* [PROMPT]
Your output should be the lines from the one containing "Professional 1000x UHS-I" through the last line below, both ends included, exactly as written and free of pictures.

DATA SECTION Start Marker

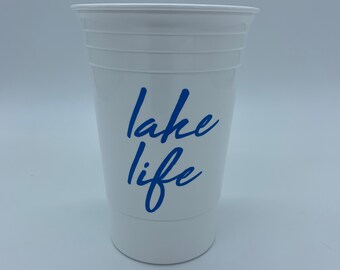Personalized white red party cups, double walled party cup, Party Favors, wedding cups, stadium cups, wine glass, Lake Life, custom design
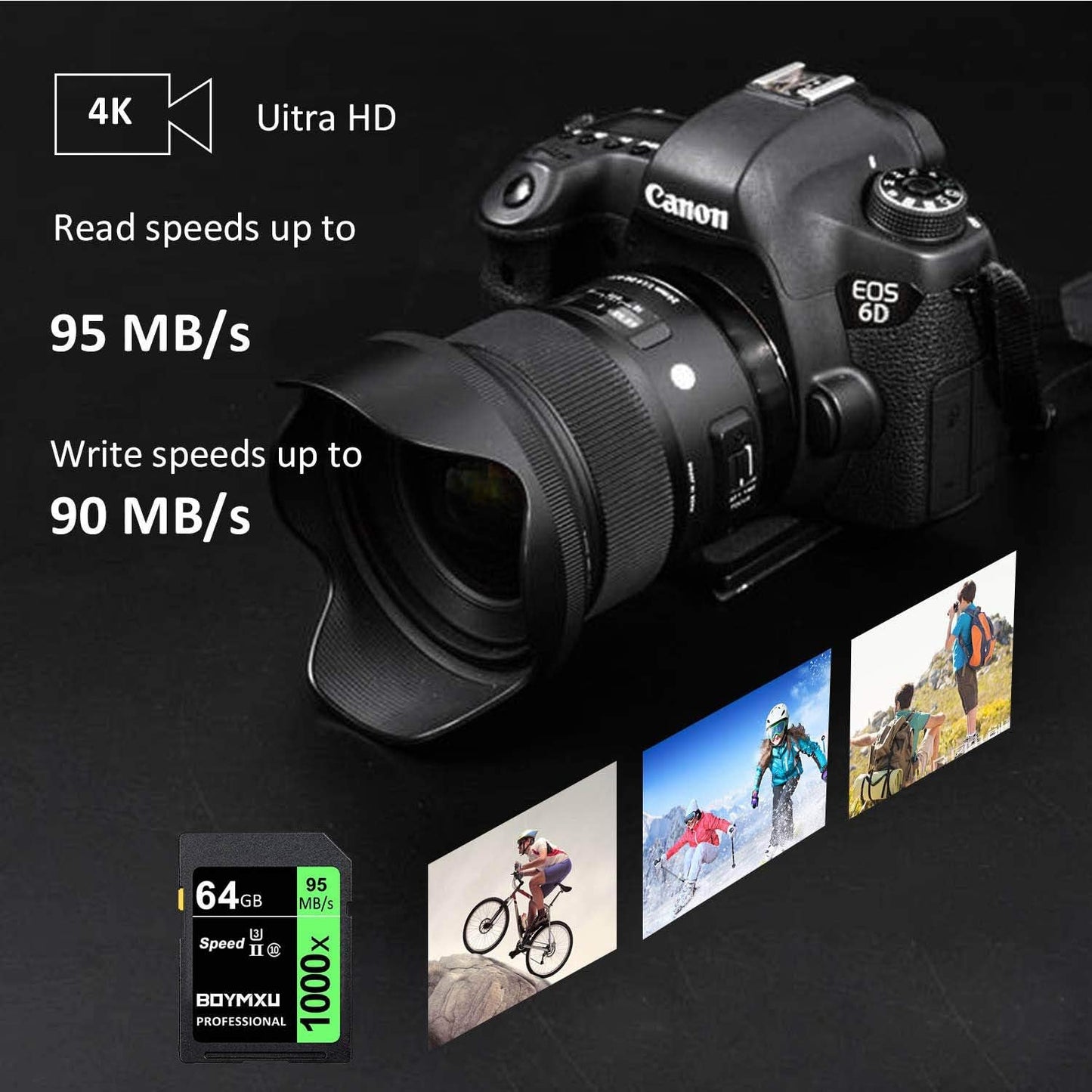 Professional 1000x UHS-I U3 64GB Memory Card - Up to 95MB/s, Compatible with Computers, Cameras & Camcorders - Green/Black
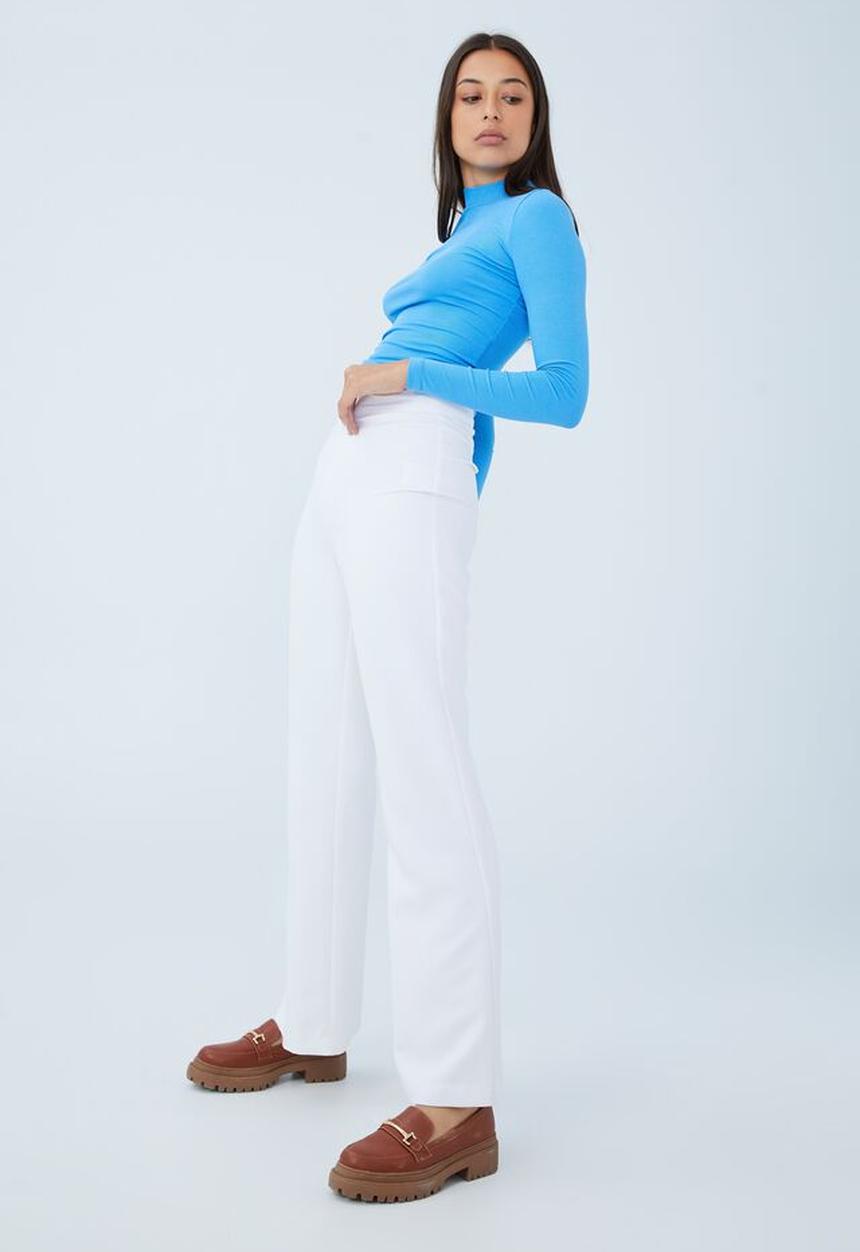 Cotton On - Staple rib mock neck long sleeve top - blue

DATA SECTION End Marker

* [EXERCISE ANSWER]
 Professional 1000x UHS-I U3 64GB Memory Card - Up to 95MB/s, Compatible with Computers, Cameras & Camcorders - Green/Black
 Cotton On - Staple rib mock neck long sleeve top - blue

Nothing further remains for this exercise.